Officials want $10 million fertilizer plant commitment
URBANA — Now thinking they can get at least $2.3 million in new revenue annually, Urbana & Champaign Sanitary District officials continue to work toward a contract with a proposed Tuscola fertilizer plant for the sale of the district's treated wastewater.
According to proposed contract terms the district presented to its board of trustees on Monday, officials would seek a $1 per 1,000 gallons rate and a minimum $10 million commitment from the plant to cover construction costs associated with providing 6.3 million gallons per day of wastewater.
Illinois and Iowa are in a bidding war to attract Cronus Chemical, and a site near Tuscola is a leading contender. Officials have said that the $1.2 billion plant could produce roughly 1,500 construction jobs during the 36-month building project, and the Cronus plant would provide about 150 permanent full-time jobs.
The urea-based fertilizer producer would need the 6.3 million gallons of water per day in its manufacturing process, and Cronus Chemical has asked the Urbana & Champaign Sanitary District for a direct flow of treated wastewater instead of drawing clean drinking water. The sanitary district cleans about 20 million to 25 million gallons of sewage per day, and it discharges the treated wastewater into local streams.
Environmentalists have been vocal about the plan. They worry that the diversion of effluent to the plant instead of into local streams could hurt wildlife and recreational activities in the waterways.

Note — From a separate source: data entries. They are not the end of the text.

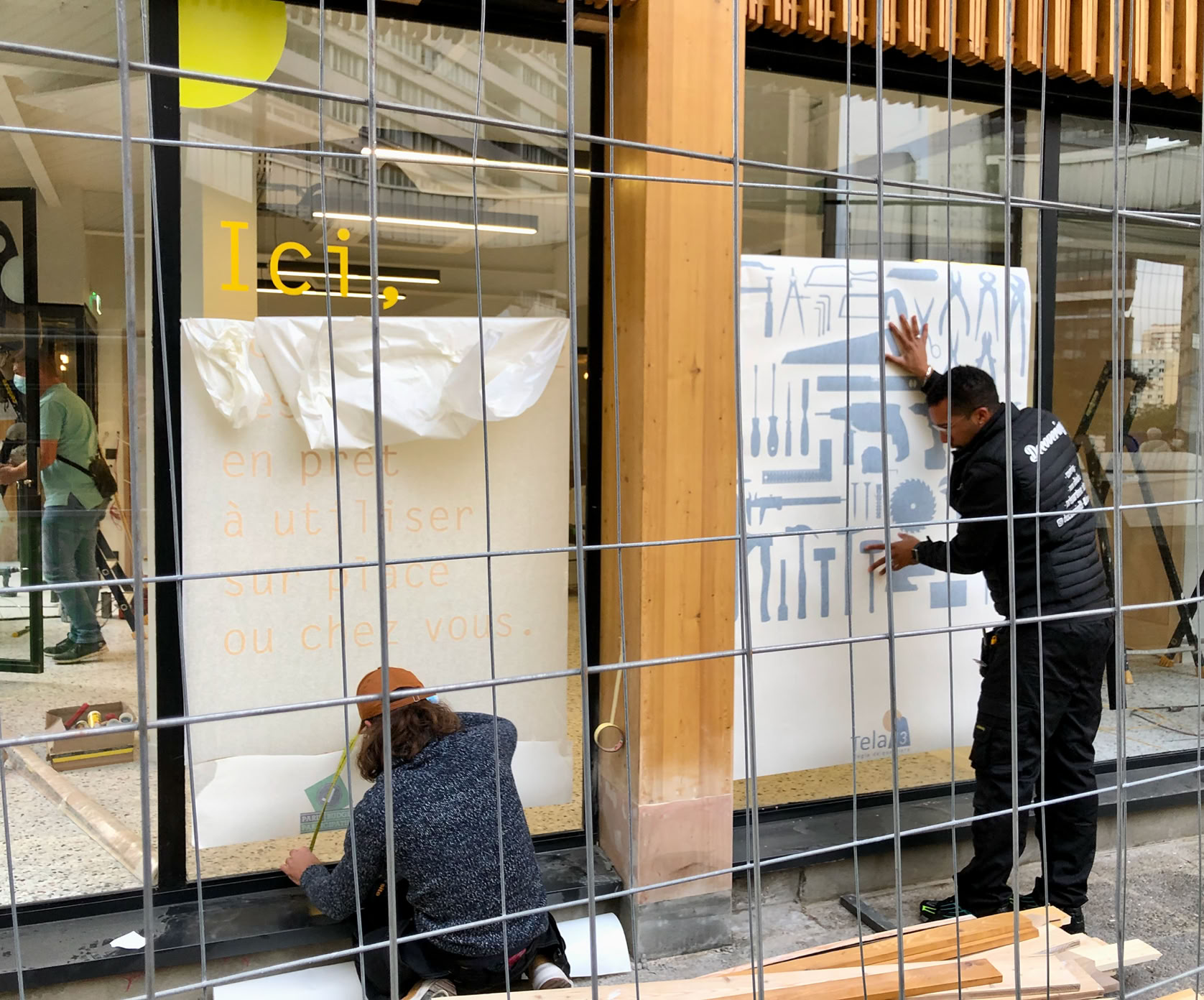 Pose de la signalétique des vitrines TELA 13, la régie de quartier.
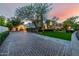 Expansive brick driveway leading to a meticulously landscaped front yard and charming home exterior at 9310 S Bala Dr, Tempe, AZ 85284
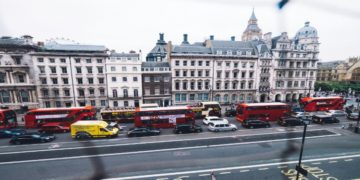 Looking out from a window at a vibrant UK city street, with vehicles and people navigating the urban landscape.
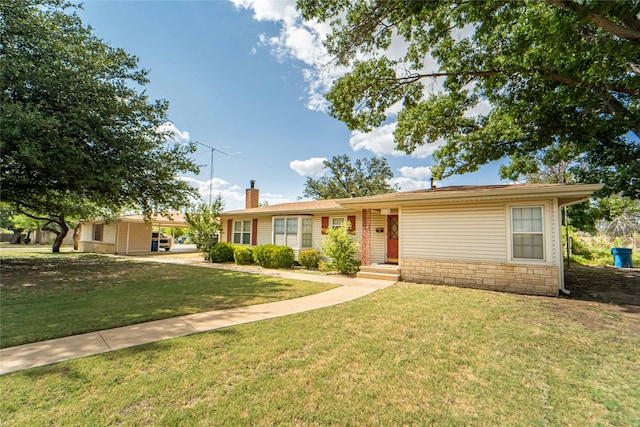 ranch-style home with a front lawn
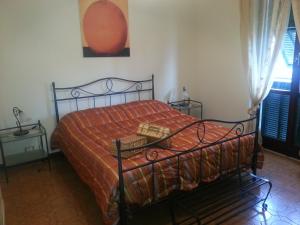 A bed or beds in a room at Pietra Preziosa Bed & Breakfast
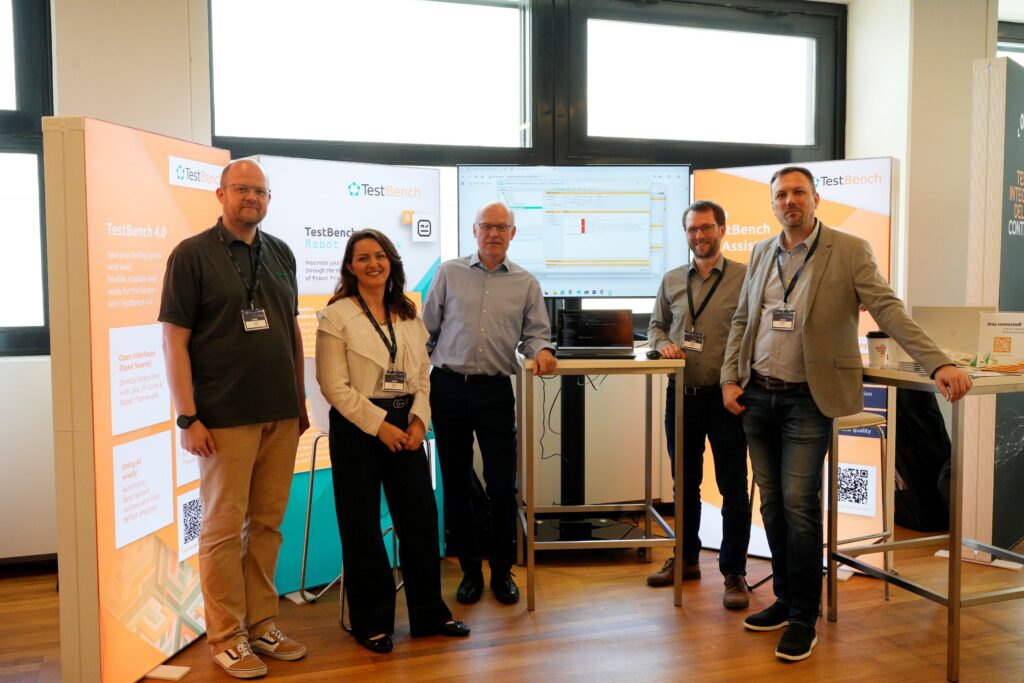 Group photo with Christian Kupfer, Dafina Galiani, Dierk Engelhardt, Michael Haderlein and Christian Mattitsch in front of the TestBench booth.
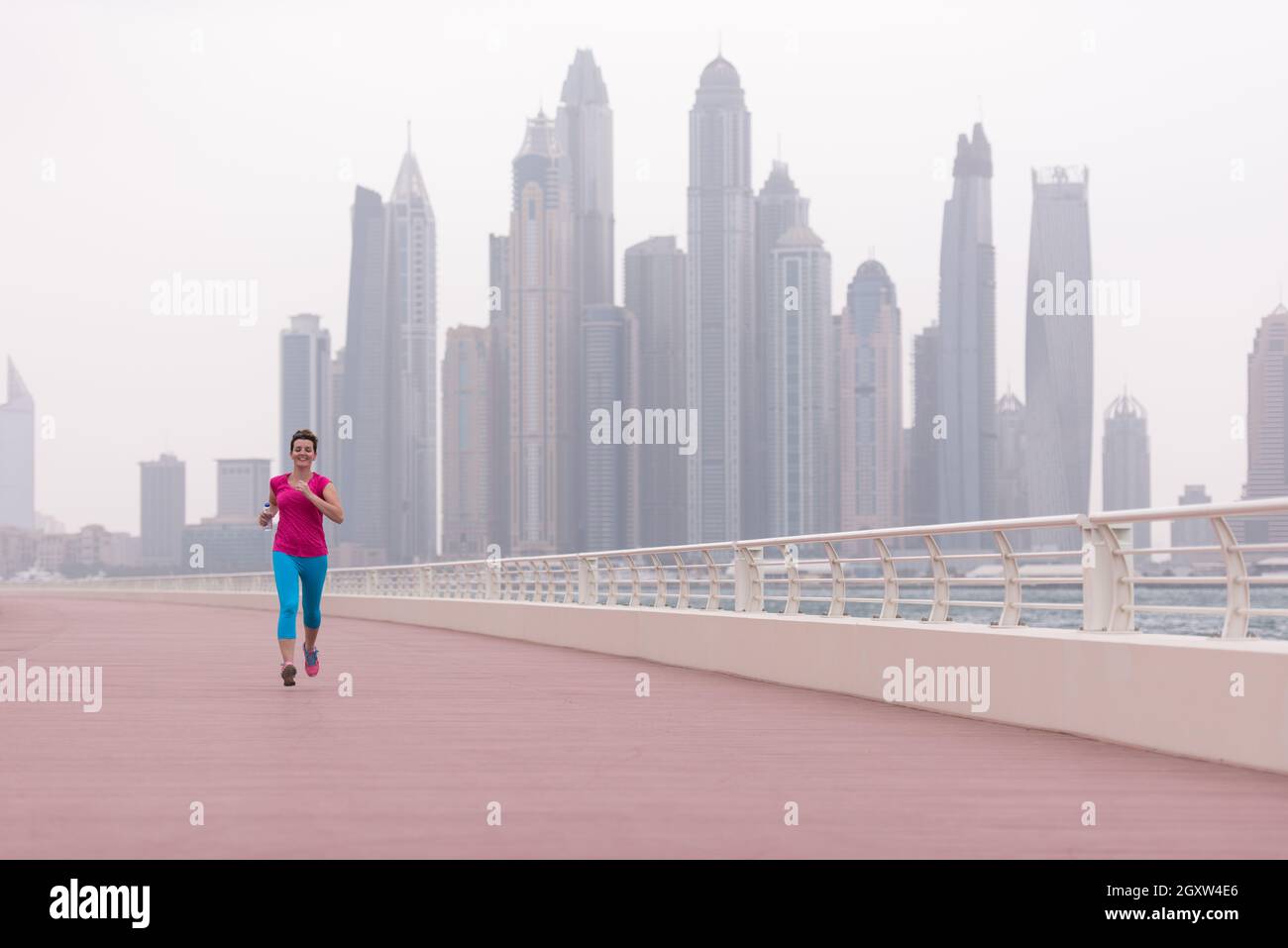 very active young beautiful woman busy running on the promenade along ...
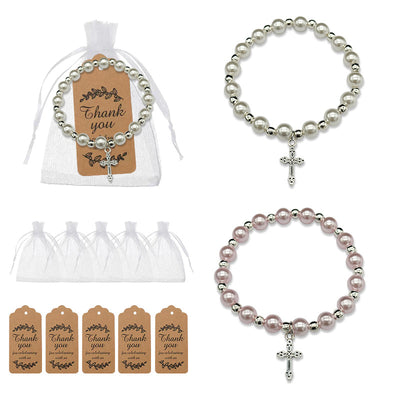 White and pink cross charm bracelets shown with organza bags and brown thank-you tags.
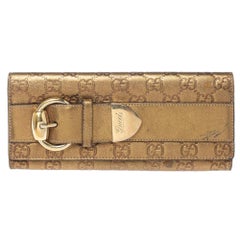 Gucci Gold Guccissima Leather Buckle Continental Wallet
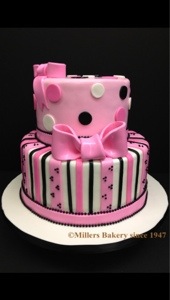 This Two Tiered Cake Has A Paris Inspired French Pink Pattern.Sides Has Striped Pattern And Polka Dots and French Pink Bows On Each Tier.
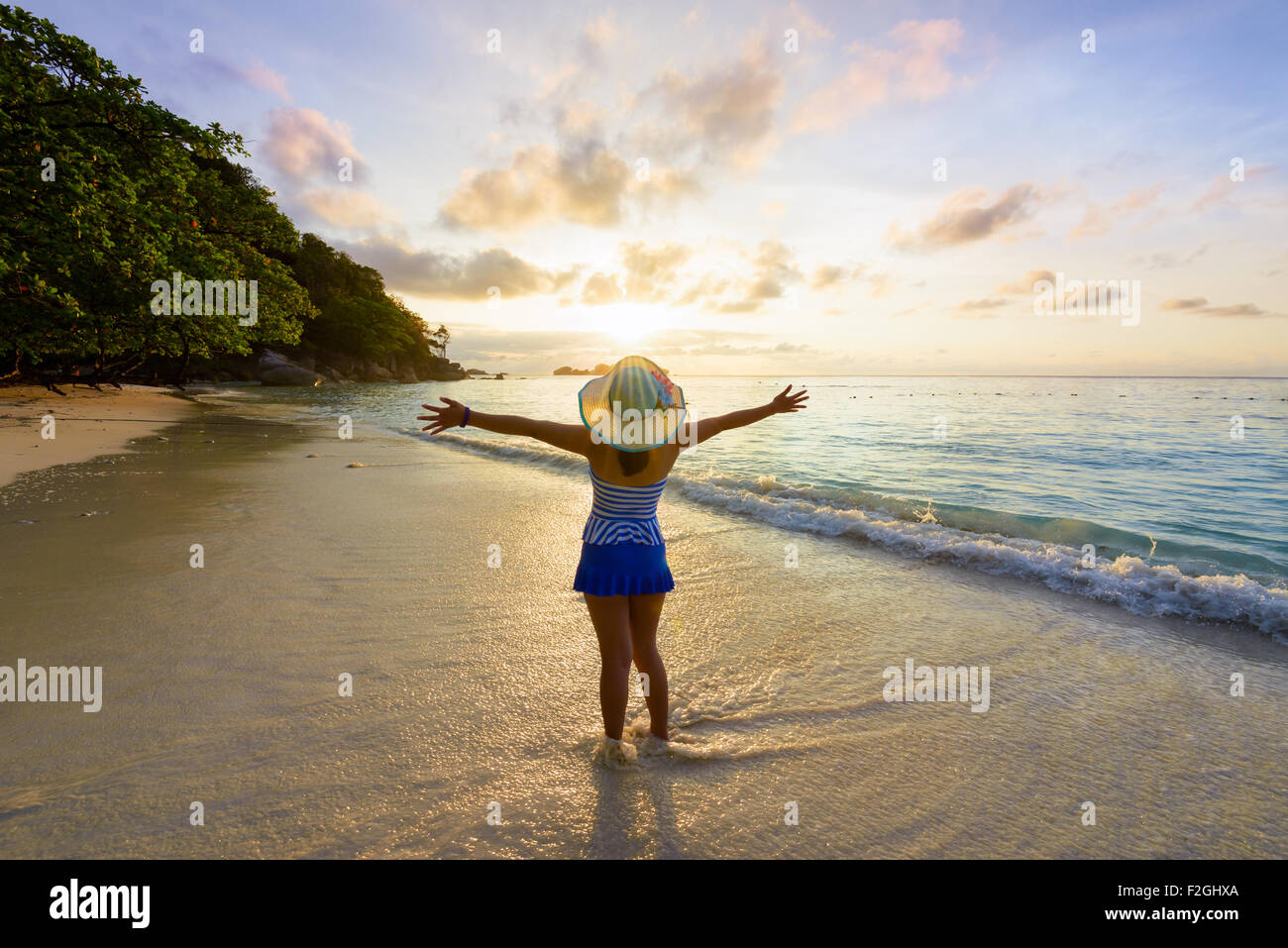 Fille de tourisme dans un maillot rayé bleu et blanc hat standing on beach avec plaisir le beau paysage de ciel et mer Banque D'Images
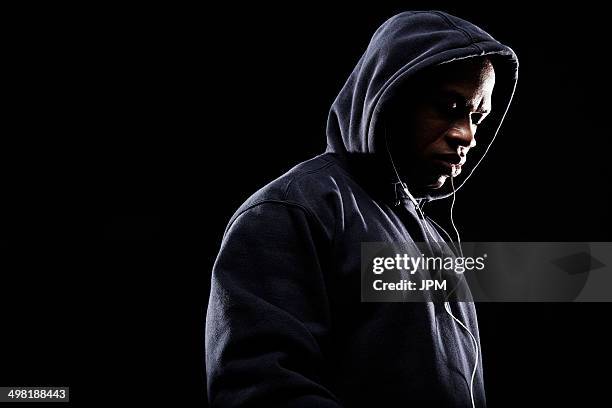 mid adult man wearing hooded top - fighter portraits stock pictures, royalty-free photos & images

The sanitary district is working toward contract terms that ensure it would be able to provide a minimum daily flow to maintain adequate stream levels.
University of Illinois Professor Clark Bullard told the board on Thursday that he is worried the district's commitments to Cronus would overshadow efforts to conserve drinking water during the next 20 years, the proposed term of the contract. As people use less water, there would be less of it available to sell to Cronus.
But sanitary district Executive Director Rick Manner said he does not expect that to be a problem. He said that, even with water rates rising and water conservation becoming more popular, the amount of sewage the district processes has continued to rise.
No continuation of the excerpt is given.